• **Exercise**
Could you restate word for word only the lines below from the one holding "A framed miniature" to the one holding "Family is sledding down the snowy slope", inclusive, and leave out the pictures?

• **Dataset records**
-.-.-

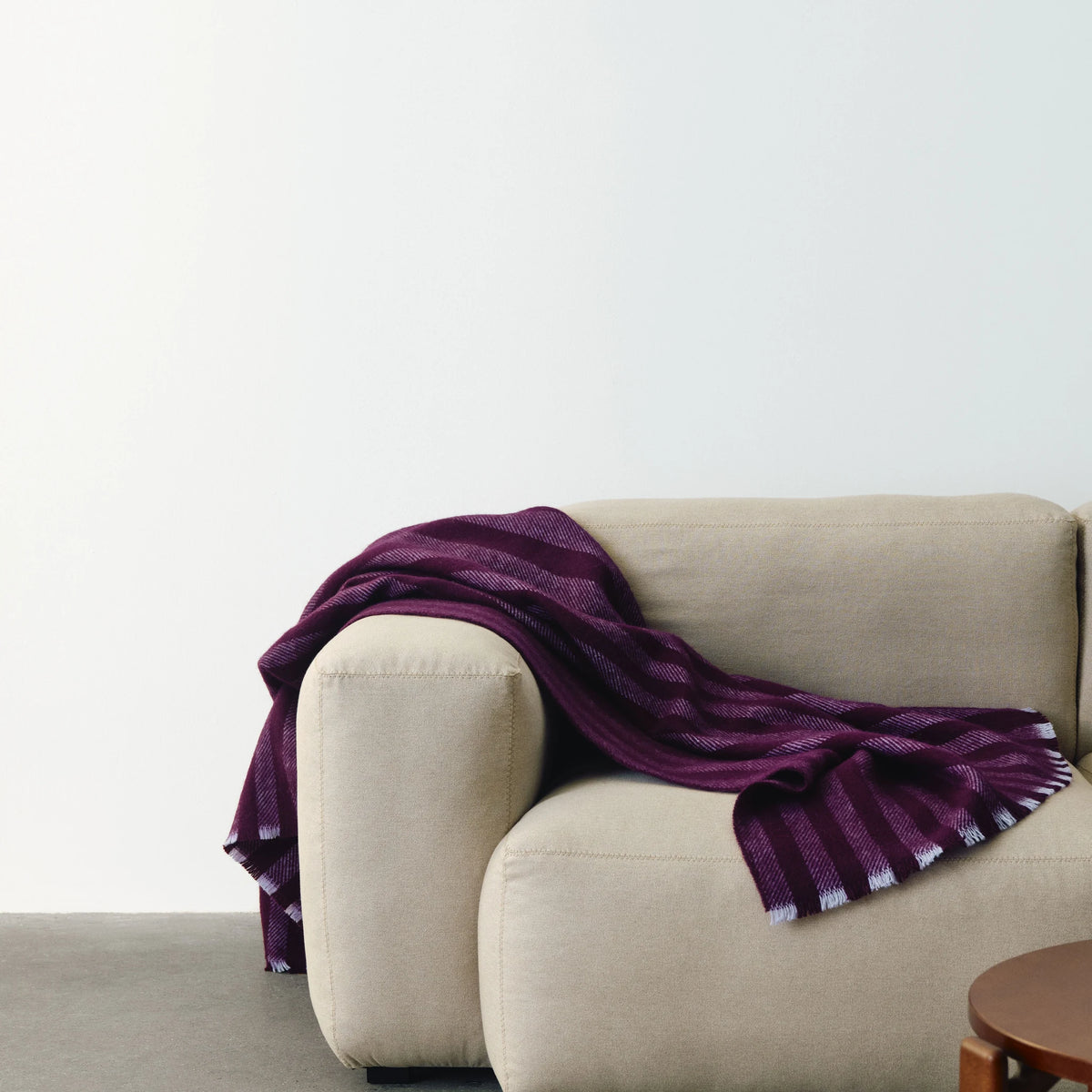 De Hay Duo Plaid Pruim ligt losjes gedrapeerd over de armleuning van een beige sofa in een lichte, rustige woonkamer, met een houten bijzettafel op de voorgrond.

-.-.-

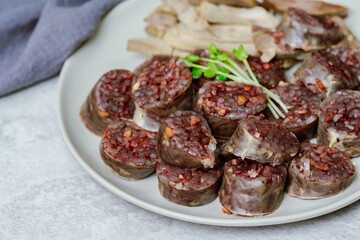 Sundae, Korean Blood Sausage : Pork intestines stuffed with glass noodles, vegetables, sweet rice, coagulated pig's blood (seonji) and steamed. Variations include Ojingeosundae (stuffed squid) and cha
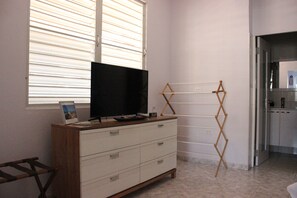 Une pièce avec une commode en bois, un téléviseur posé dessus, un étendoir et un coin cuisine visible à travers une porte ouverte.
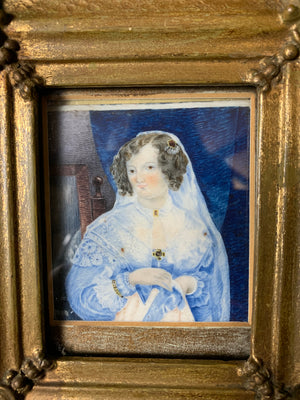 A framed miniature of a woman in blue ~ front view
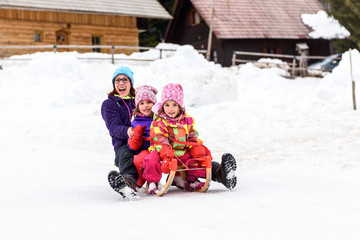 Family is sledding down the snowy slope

-.-.-

• **Result of the exercise**
 A framed miniature of a woman in blue ~ front view
 Family is sledding down the snowy slope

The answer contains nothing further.